MedTech Europe, the trade association representing the medical technology industries, has reiterated calls for the EU to delay the implementation of the In Vitro Diagnostics Regulation (IVDR) (EU) (2017/746).
In July, the trade association called for a delay in the implementation of the IVDR, which is set to come into force on 26 May 2022.
MedTech Europe (correctly in our view) noted that the practical deadline for infrastructure to be fully established was 2020. In reality, manufacturers must commence the conformity assessment by the start of 2021 in order to achieve the May 2022 deadline. Most stakeholders are of the view that this unachievable and is likely to result in “catastrophic disruption”.

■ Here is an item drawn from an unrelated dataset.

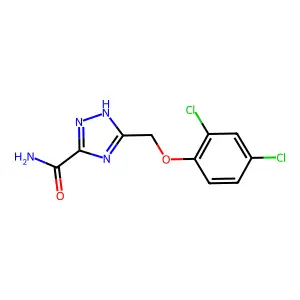 3-((2,4-dichlorophenoxy)methyl)-1H-1,2,4-triazole-5-carboxamide structure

MedTech Europe highlighted a litany of gaps in the infrastructure, including the lack of Notified Bodies, EU reference laboratories, Common Specifications and implementation guidance from the MDCG (which has only recently been published). If anything, delaying the implementation of the Medical Devices Regulation (MDR) (EU) (2017/745) by 12 month will likely compound problems.
“Since most authorities and several notified bodies are shared between MDR and IVDR, the reduction of the timeframe between the implementation of MDR and IVDR amplifies the already existing bottleneck in resources”.
In November, MedTech repeated the concerns set out in the paper published in July. They specifically note that approximately 45,000 in vitro diagnostics (IVDs) require certification before the regulation comes into force in May 2022 and that there were currently only four designated Notified Bodies to handle this Tsunami. We note that this number has briefly increased to five Notified Bodies but as things stand will drop back to four following the end of the Brexit transition period.